> _Data extract_
---

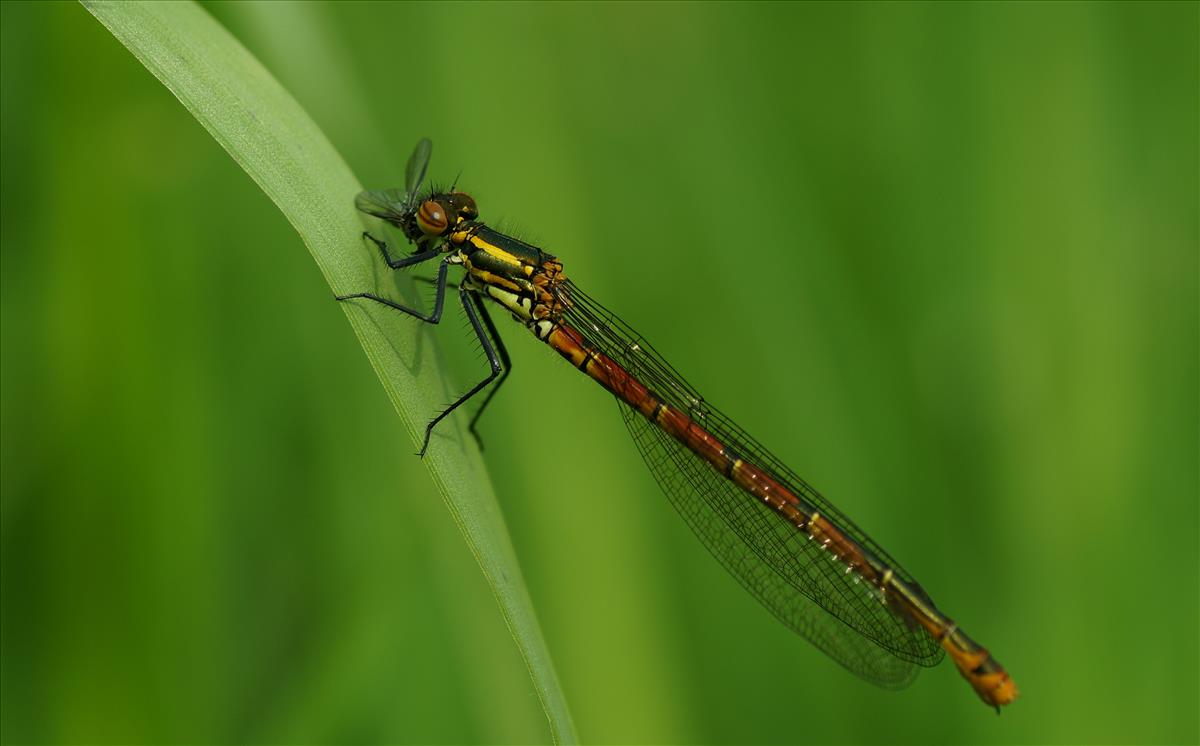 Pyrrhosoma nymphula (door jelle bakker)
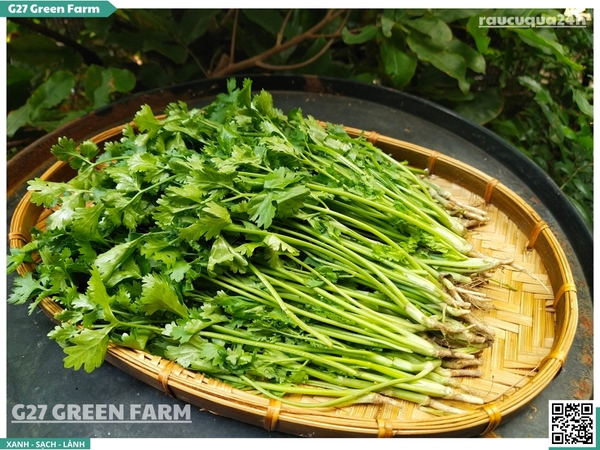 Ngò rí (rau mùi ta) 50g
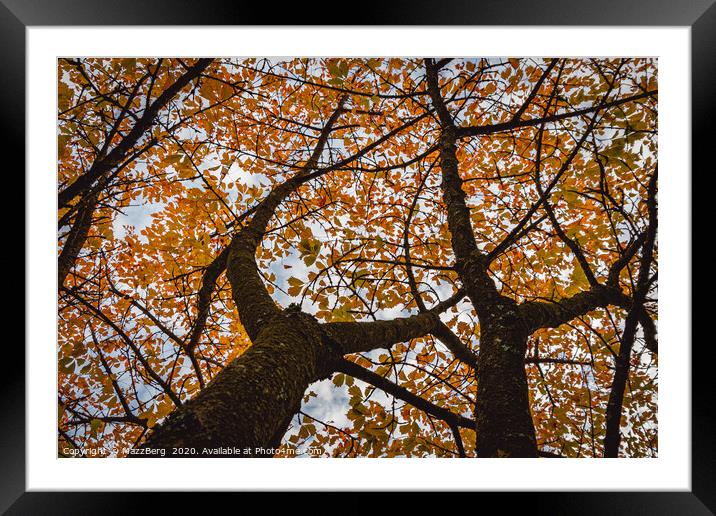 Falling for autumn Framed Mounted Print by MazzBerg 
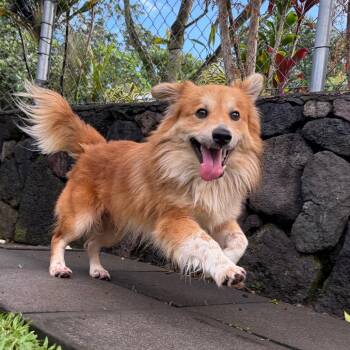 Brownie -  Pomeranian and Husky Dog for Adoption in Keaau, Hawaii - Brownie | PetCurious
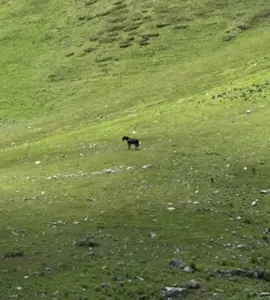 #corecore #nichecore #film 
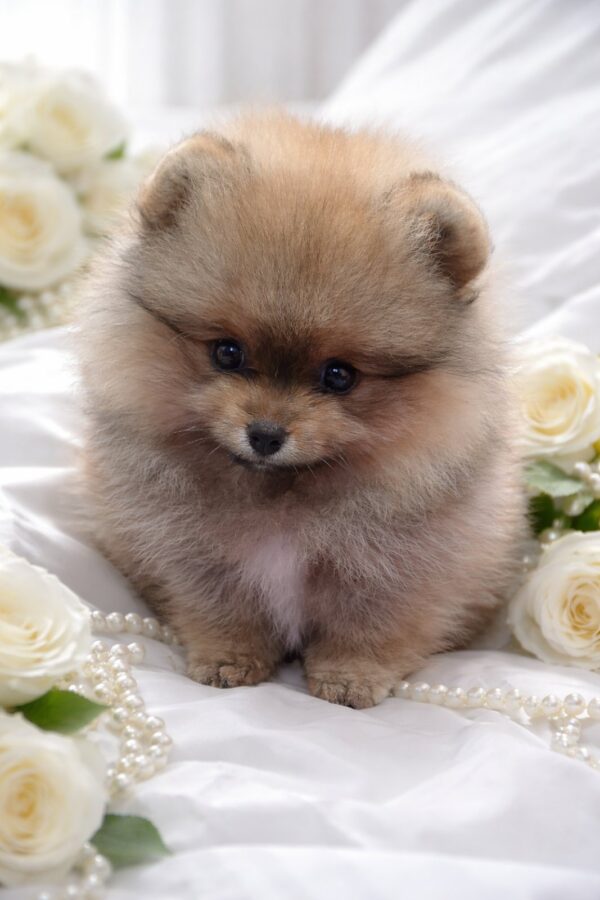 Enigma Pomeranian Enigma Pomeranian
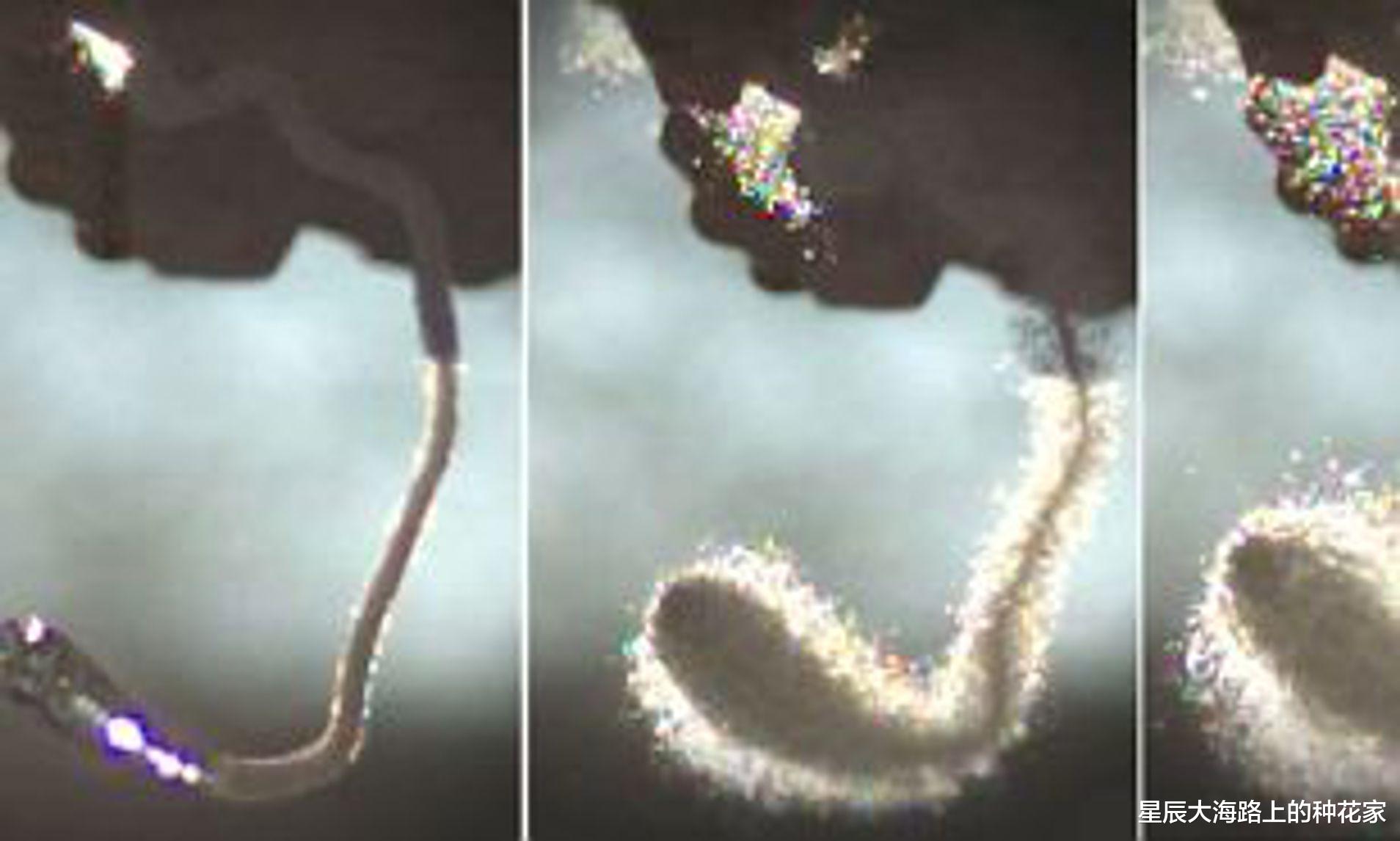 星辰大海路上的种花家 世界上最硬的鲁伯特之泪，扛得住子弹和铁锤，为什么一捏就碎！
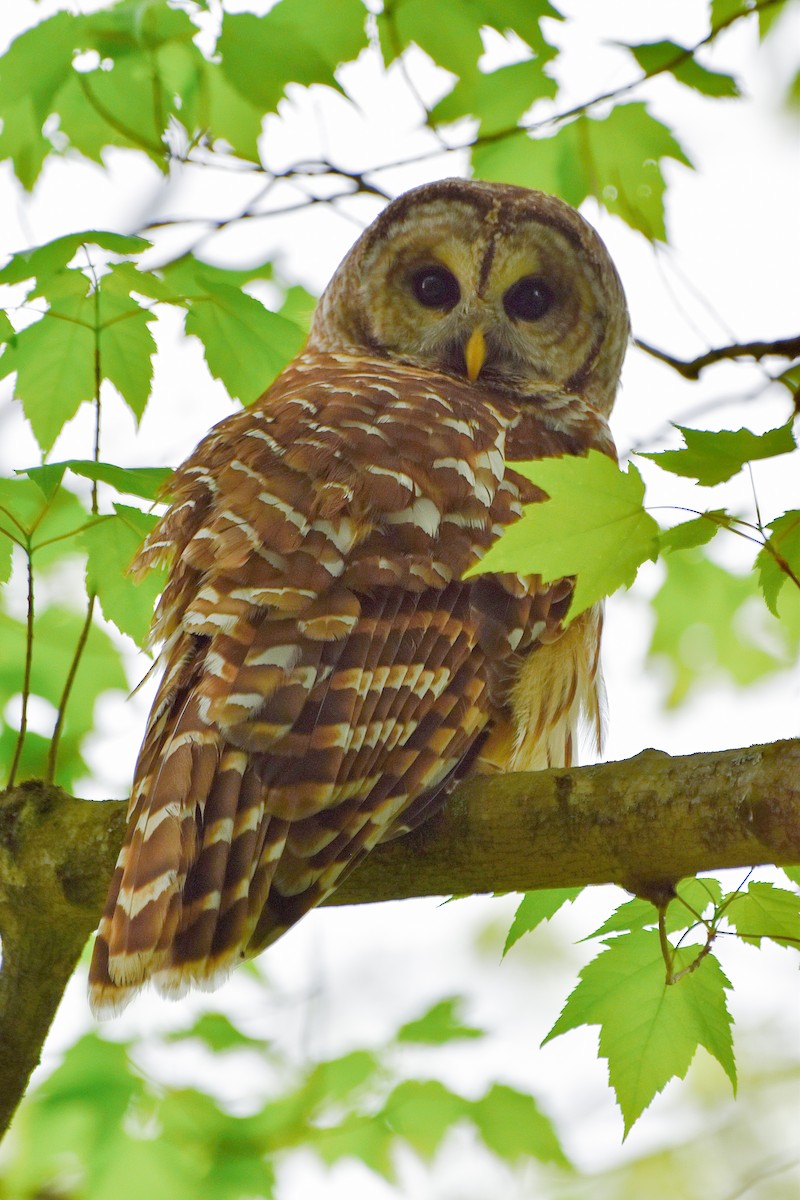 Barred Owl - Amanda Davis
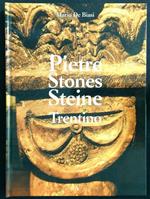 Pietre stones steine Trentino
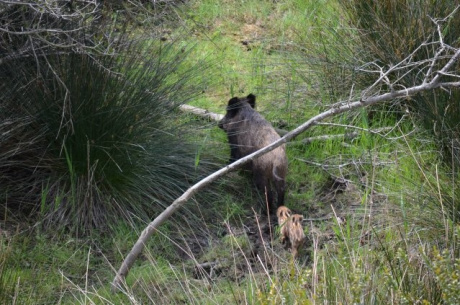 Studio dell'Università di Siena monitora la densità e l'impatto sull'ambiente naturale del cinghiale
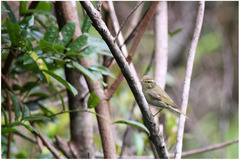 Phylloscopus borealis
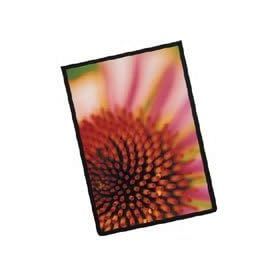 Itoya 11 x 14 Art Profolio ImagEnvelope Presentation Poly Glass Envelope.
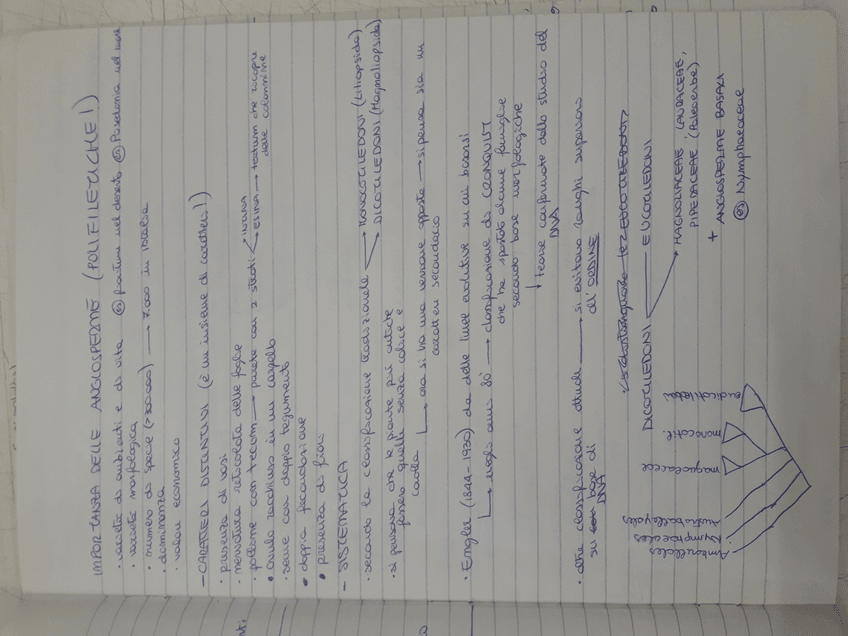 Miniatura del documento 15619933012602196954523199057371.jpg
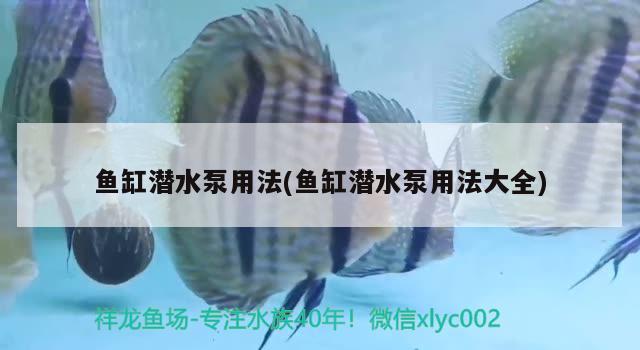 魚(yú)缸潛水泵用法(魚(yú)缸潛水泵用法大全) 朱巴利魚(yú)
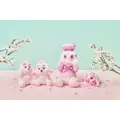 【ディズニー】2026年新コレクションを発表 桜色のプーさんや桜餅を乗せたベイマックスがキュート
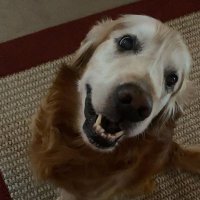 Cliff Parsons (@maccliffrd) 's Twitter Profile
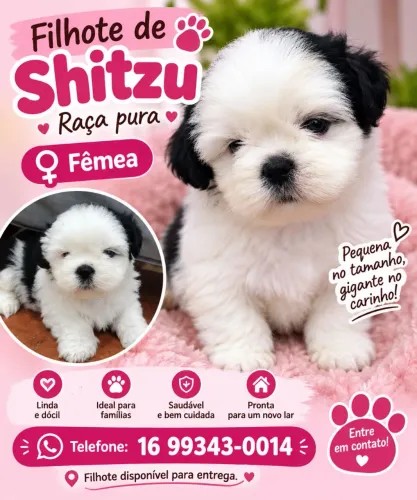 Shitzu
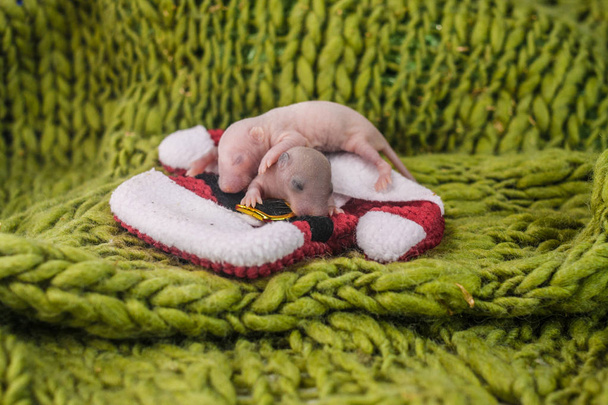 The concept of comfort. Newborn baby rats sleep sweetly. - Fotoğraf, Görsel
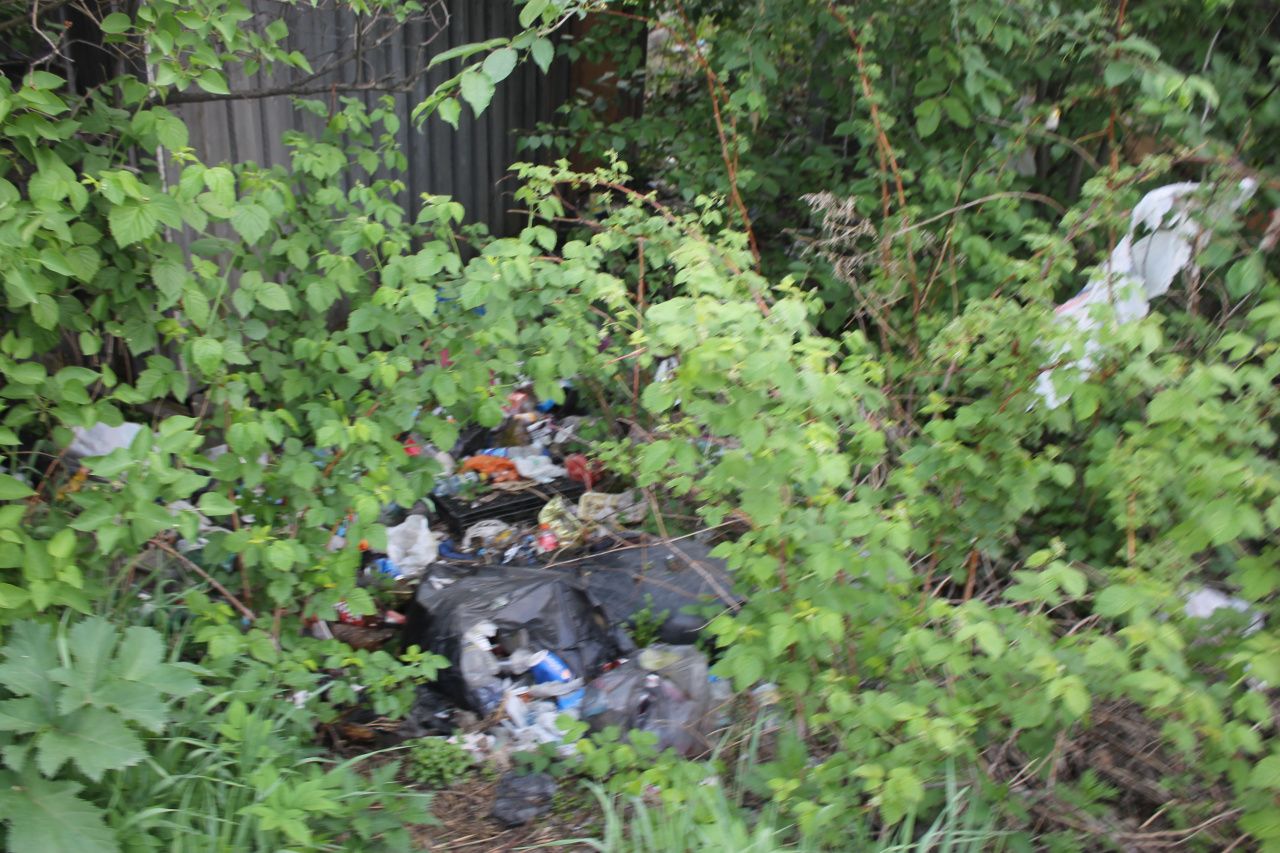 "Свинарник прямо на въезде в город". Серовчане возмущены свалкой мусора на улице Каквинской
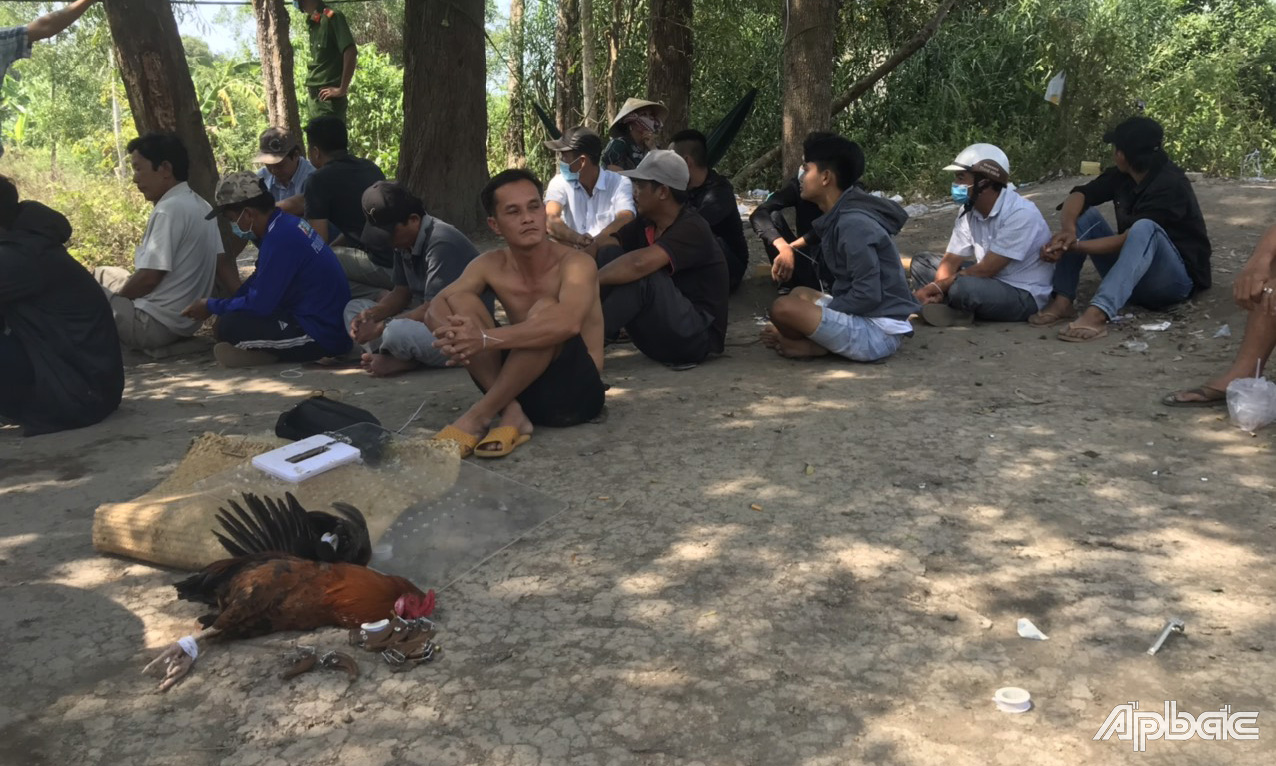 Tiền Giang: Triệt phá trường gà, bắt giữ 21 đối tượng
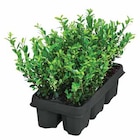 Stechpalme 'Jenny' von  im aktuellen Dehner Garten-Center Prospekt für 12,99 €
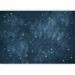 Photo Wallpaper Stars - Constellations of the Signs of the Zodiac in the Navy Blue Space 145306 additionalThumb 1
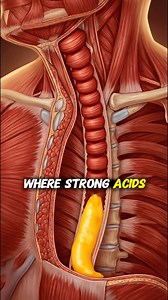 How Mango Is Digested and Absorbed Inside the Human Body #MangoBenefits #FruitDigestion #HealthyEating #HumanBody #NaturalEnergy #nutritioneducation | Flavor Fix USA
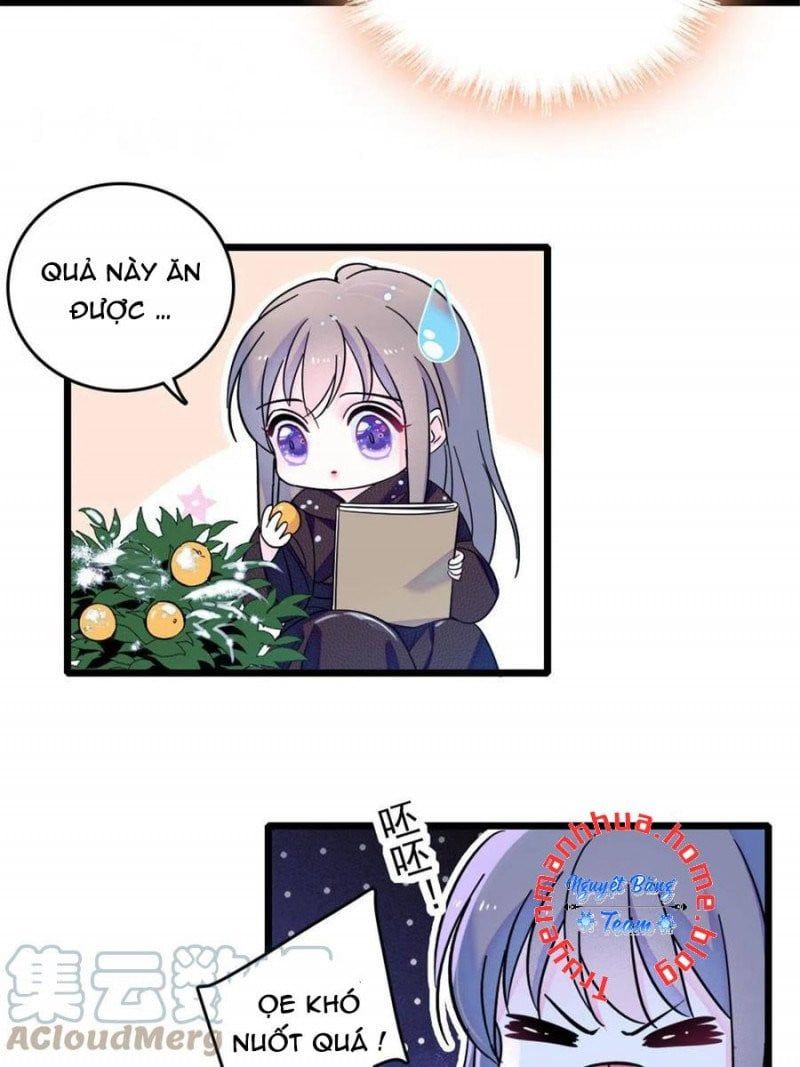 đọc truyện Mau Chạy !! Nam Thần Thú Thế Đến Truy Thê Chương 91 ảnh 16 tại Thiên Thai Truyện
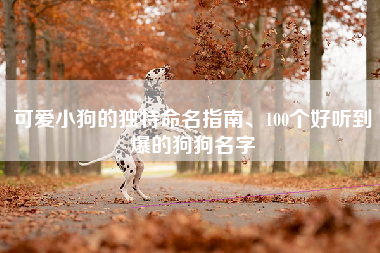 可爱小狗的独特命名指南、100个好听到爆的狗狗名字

---

> _Exercise aim_
What is needed is an exact copy of each line from the top of the data above through the line containing "Pietre stones steine Trentino", with no pictures.

> _Reply_
 Pyrrhosoma nymphula (door jelle bakker)
 Ngò rí (rau mùi ta) 50g
 Falling for autumn Framed Mounted Print by MazzBerg 
 Brownie -  Pomeranian and Husky Dog for Adoption in Keaau, Hawaii - Brownie | PetCurious
 #corecore #nichecore #film 
 Enigma Pomeranian Enigma Pomeranian
 星辰大海路上的种花家 世界上最硬的鲁伯特之泪，扛得住子弹和铁锤，为什么一捏就碎！
 Barred Owl - Amanda Davis
 Pietre stones steine Trentino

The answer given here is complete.